*** Opening of DATA SHOWN ***
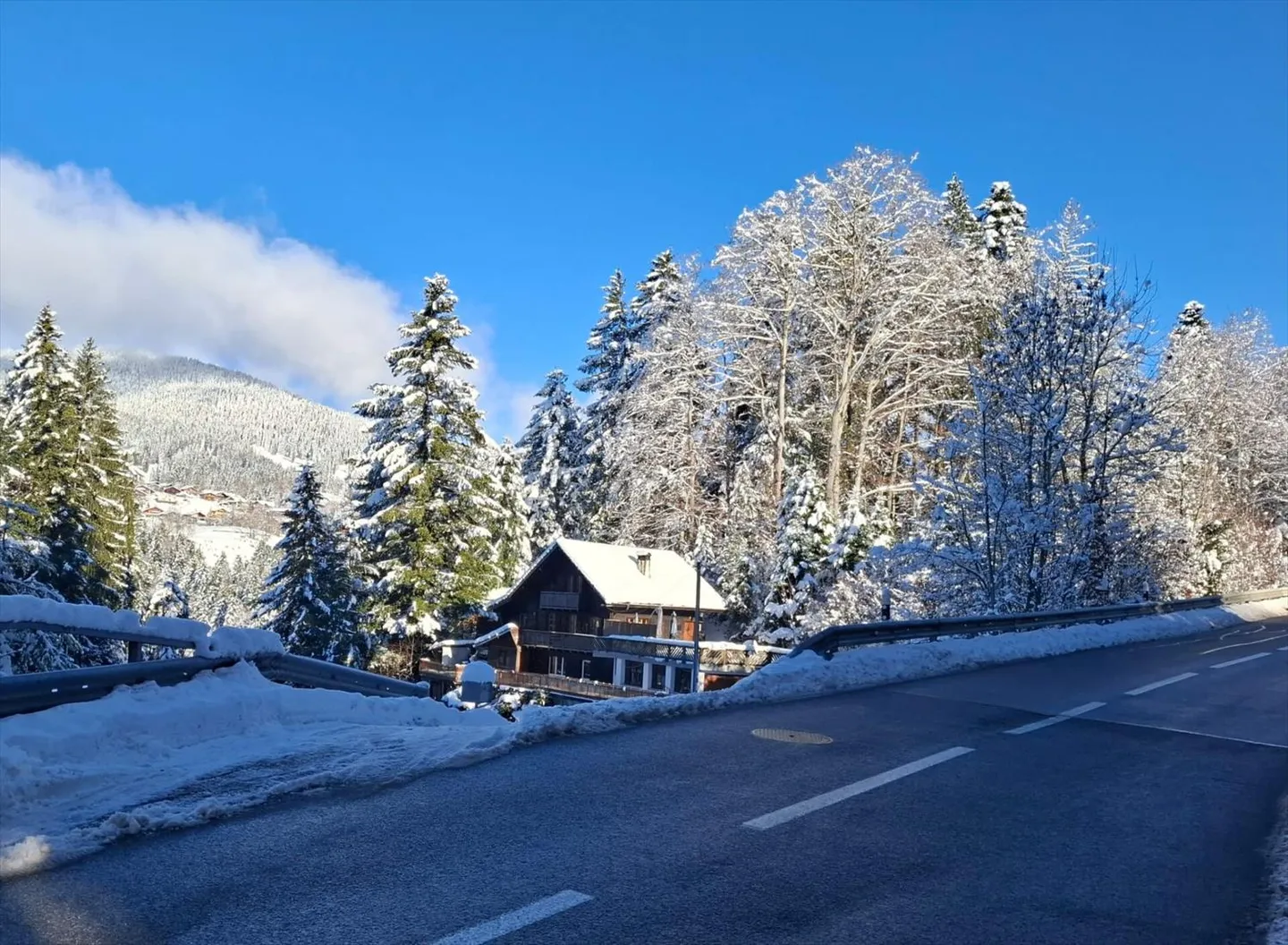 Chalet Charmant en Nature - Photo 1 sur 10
*** Close of DATA SHOWN ***
*** Opening of DATA SHOWN ***
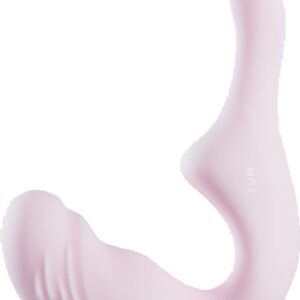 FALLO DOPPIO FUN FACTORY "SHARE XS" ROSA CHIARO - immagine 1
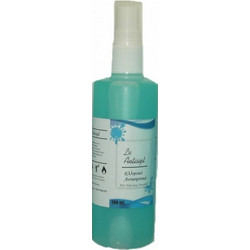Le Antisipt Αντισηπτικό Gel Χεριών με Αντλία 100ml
*** Close of DATA SHOWN ***
*** Opening of DATA SHOWN ***
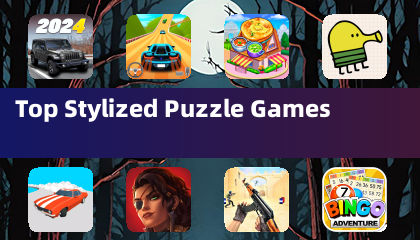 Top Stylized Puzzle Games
*** Close of DATA SHOWN ***
_ACTIVITY_. Both boundary lines included, write out word for word only the lines above from the one containing "FALLO DOPPIO FUN" to the one containing "Le Antisipt Αντισηπτικό", leaving out any pictures.

_ANSWER TO THIS TASK_.
 FALLO DOPPIO FUN FACTORY "SHARE XS" ROSA CHIARO - immagine 1
Le Antisipt Αντισηπτικό Gel Χεριών με Αντλία 100ml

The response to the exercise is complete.